Extending the Schema (advanced)

Internally, we use an augmented schema with some additional proprietary columns and measurement tables.

This section examines our process for developing an extensible schema mechanism, and describes how the core schema can be augmented to fit custom requirements. Note that this process is quite involved, and we recommend using tags for most use cases instead of a customized schema.

Thanks to Leslie Lam for all her work on making persistence generic, and for writing the original form of this document.

How to Extend the Schema

An augmented schema will need to have a custom version of CorePersistenceUtils.
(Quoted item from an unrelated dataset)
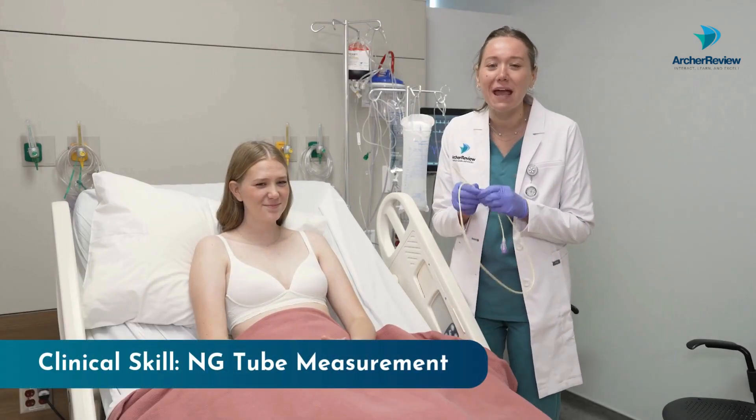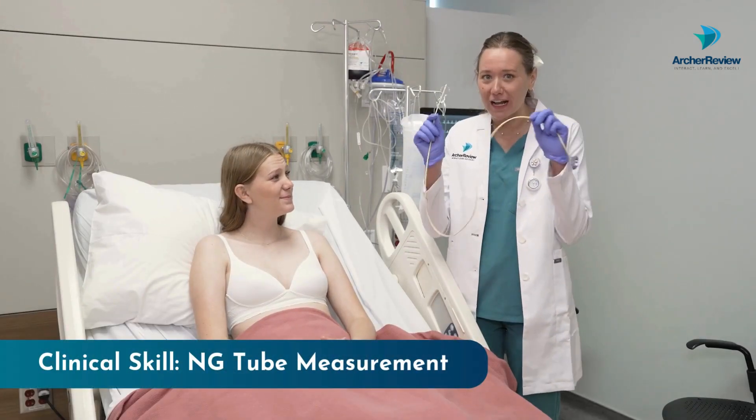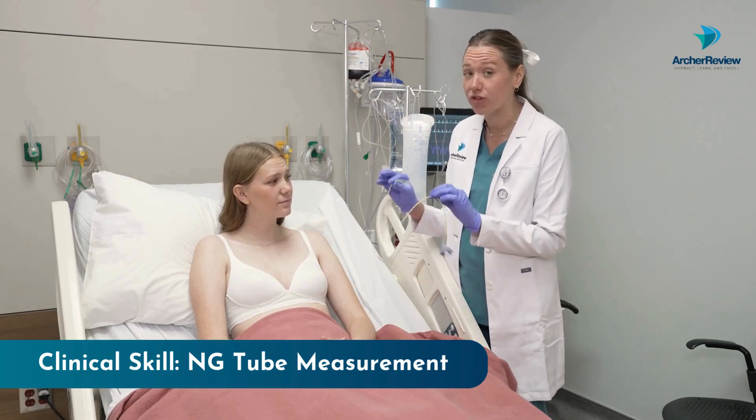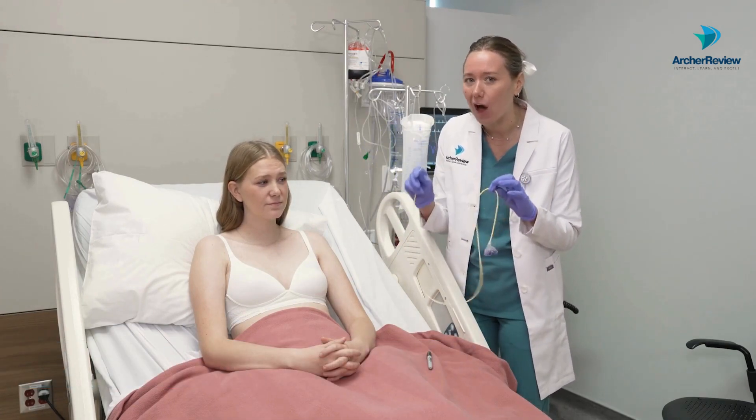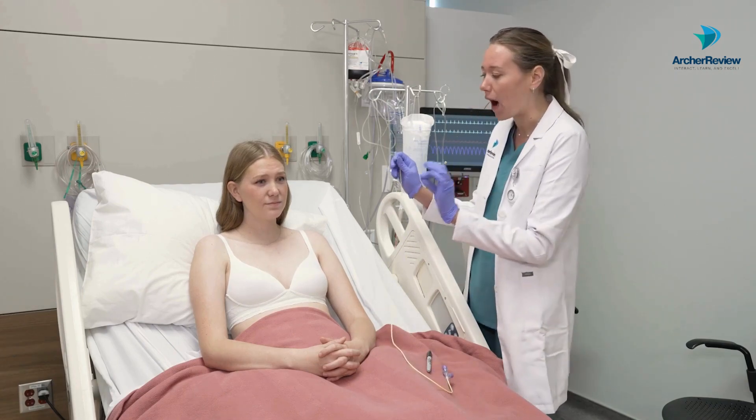Hi guys, Dr. Kaffir with Archer Review. Today I'm going to be showing you how we measure an NG tube. We want to make sure that we measure this properly so that the NG tube ends up in the stomach where we want it and not anywhere else. It's a pretty simple procedure and I'll show you how.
This requires several major changes to the persistence, arbiters, and collectors packages.

In general, the Core classes/traits inherit from the Abstract traits, and augmented Internal classes/traits inherit from Core. This linear inheritance model helps decrease code duplication, as the Internal classes will only need to override methods that use custom augmented internal-only columns/tables.

Slick

We use Slick to generate classes that allow us to interact with the database using nice Scala collection-like functions. However, there are several caveats that make generic persistence difficult. (Spoiler: we solved all our problems using type classes).

Problem 1: Case to Case Inheritance

Slick generates case classes that represent a row in a table. e.g. case class BuildRow(...). If we wish to override the return type of methods defined in AbstractQueries with more specific types, we need these case classes to inherit from each other. However, case-to-case inheritance is prohibited in Scala. In order to circumvent this, we create wrapper classes for all of the core case classes. We then define implicit conversions between the case classes and the wrappers, thus allowing us to use them interchangeably and still adhere to our linear inheritance model. The wrapper classes are then extended to create their custom augmented forms.

1
2
3
4
class BuildRowWrapper(...) extends BuildRowLike
case class BuildRow(...) extends BuildRowWrapper(...)
implicit def BuildRowWrapper2BuildRow(x: BuildRowWrapper): BuildRow = ...
implicit def BuildRow2BuildRowWrapper(x: BuildRow): BuildRowWrapper = ...

Fortunately, all of this can be generated automatically by extending Slick’s source code generator.

Problem 2: Slick Queries are Invariant

1
sealed abstract class Query[+E, U, C[_]]

The first type parameter +E (which is covariant) corresponds to the autogenerated Table class (which extends profile.api.Table[U]). The second type parameter U corresponds to the autogenerated case class representing the Row. The third type parameter C[_] is the container type for the query results (usually Seq). Unfortunately, because U is declared as invariant, Query[A, B', C] is not considered a subclass of Query[A, B, C], even if B' is a subclass of B. This is problematic because several of methods are defined with return types of Query. If we use these return types in the abstract definitions, then we cannot override them with more specific types in the Core/Internal implementations.

Our workaround is using DBIO instead of Query when we need covariance. This means that we must use for-comprehensions when dealing with the results, instead of directly using collection-like methods.

The Database Inheritance Model

While subclassing and inheritance does not really apply to databases… we’re going to do it anyway. The Internal database can be considered a “subclass” of the Core database, as it completely encompasses the Core database, adding columns and tables as necessary.

There are essentially three “layers” to our model that occur everywhere: an abstract layer, a Core implementation layer, and an augmented Internal implementation layer, with each layer inheriting from the one above.

Our database model is as follows:

The database model is defined as a trait, so it cannot be used directly. Instead, we have defined a separate Tables object in com.workday.warp.persistence.(internal).Tables.scala which mixes in the correct model.Tables.scala trait, defines the correct Slick JdbcProfile, and provides other convenience functions. In order to access these classes, please import this object.

A corresponding TablesLike object has also been created in com.workday.warp.persistence.TablesLike.scala which allows importing of the TablesLike traits.

The reason for creating accessor objects is because if the types are mixed in, then Scala will infer path-dependent types, resulting in type mismatch errors.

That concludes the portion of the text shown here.